(Short web captions)
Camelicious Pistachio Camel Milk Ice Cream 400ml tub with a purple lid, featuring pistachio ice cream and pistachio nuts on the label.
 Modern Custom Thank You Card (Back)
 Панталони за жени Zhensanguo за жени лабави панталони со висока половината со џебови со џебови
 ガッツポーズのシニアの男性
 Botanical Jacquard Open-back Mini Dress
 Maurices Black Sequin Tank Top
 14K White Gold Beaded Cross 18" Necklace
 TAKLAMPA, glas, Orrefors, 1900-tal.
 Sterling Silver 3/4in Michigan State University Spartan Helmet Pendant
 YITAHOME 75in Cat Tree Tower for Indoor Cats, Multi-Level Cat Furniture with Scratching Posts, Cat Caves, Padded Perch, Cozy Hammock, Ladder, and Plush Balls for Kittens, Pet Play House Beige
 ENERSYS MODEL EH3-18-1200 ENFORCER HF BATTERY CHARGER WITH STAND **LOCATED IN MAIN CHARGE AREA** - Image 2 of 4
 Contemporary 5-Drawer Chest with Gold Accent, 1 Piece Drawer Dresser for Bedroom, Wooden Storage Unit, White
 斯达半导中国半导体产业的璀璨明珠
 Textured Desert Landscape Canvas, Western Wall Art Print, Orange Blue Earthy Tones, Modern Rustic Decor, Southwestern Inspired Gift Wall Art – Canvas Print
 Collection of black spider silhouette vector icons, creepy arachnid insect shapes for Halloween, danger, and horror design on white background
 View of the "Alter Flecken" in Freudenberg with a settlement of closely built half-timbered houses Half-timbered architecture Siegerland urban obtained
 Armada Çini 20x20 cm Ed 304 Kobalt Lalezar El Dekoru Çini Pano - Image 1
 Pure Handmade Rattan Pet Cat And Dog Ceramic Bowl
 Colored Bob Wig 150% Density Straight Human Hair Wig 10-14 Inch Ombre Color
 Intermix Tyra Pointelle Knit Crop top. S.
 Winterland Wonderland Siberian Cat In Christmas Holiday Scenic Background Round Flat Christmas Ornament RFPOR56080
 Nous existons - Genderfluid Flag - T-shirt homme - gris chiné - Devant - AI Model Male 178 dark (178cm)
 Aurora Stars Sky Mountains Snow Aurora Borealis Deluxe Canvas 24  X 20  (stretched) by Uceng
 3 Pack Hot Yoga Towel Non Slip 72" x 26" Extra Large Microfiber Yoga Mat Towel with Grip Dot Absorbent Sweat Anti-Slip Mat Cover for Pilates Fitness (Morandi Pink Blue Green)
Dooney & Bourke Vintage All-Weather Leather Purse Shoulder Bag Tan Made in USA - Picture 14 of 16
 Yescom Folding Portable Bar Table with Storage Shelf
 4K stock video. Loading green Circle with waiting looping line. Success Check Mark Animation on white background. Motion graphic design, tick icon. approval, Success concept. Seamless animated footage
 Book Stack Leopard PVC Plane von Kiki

Requirement: From the records above, pull out each line that has "Canvas".

Expected answer:
 Textured Desert Landscape Canvas, Western Wall Art Print, Orange Blue Earthy Tones, Modern Rustic Decor, Southwestern Inspired Gift Wall Art – Canvas Print
 Aurora Stars Sky Mountains Snow Aurora Borealis Deluxe Canvas 24  X 20  (stretched) by Uceng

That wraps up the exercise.